Following Fed Chair Powell’s hawkish remarks on Monday, St Louis Fed President Bullard underlined his preference for the FOMC to act “aggressively” to keep inflation in check, saying the FOMC could not wait for geopolitical issues to be handled.

Bonds go red

The US 2-year note yield, which is highly vulnerable to low-interest-rate predictions, hit a three-year high of 2.2 percent this week, up from 0.73 % at the year’s opening. The yield on the two-year Treasury is on track to jump the most in a quarter since 1984.

Longer-term rates have also risen, although more slowly, owing to rising inflation expectations, eroding the appeal of owning securities that provide a predictable source of income for the foreseeable future.

On Wednesday, the 10-year yield in the United States reached 2.42 %, its highest level since May 2019. Bonds in Europe have followed, and even government bonds in Japan, where inflation is low, and the central bank is expected to defy the hawkish global approach, have lost ground this year.

BoE and ECB join the race

Markets now forecast at least seven more rate hikes in the United States this year. In addition, the Bank of England hiked interest rates for the third time this month, and short-term borrowing costs are likely to rise above 2% by the end of 2022.

At its most recent meeting, the European Central Bank announced a faster-than-expected wind-down of its bond-buying program. Its hawkish message comes as policymakers focus on record inflation, even though the Eurozone has been hurt harder by the war in Ukraine than many other global economies.

What does it mean for the stock market?

Interest rate hikes are now emerging from ultra-low levels, and the US stock market seems to be comfortable with the current market pricing of seven rate hikes before the end of the year, bringing the Fed Funds rate to just over 2%.

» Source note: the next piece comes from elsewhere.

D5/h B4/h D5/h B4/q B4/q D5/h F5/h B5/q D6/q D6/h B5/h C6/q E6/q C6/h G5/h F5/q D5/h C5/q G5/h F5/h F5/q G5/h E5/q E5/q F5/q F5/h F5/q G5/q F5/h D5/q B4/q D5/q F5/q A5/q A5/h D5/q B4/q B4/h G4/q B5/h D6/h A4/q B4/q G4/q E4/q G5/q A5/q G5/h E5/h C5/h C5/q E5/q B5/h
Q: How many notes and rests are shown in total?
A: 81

Despite the fact that equities have recovered most of their losses since Russia’s invasion of Ukraine, prominent indices such as the S&P 500 have continued to fall this year.

Final thoughts

With economic growth becoming shakier, the Fed’s rate hikes are likely limited. In addition to an energy and commodities deficit, supply interruptions, and a war in Europe, the global economy is slowing as the Federal Reserve prepares to begin decreasing its balance sheet.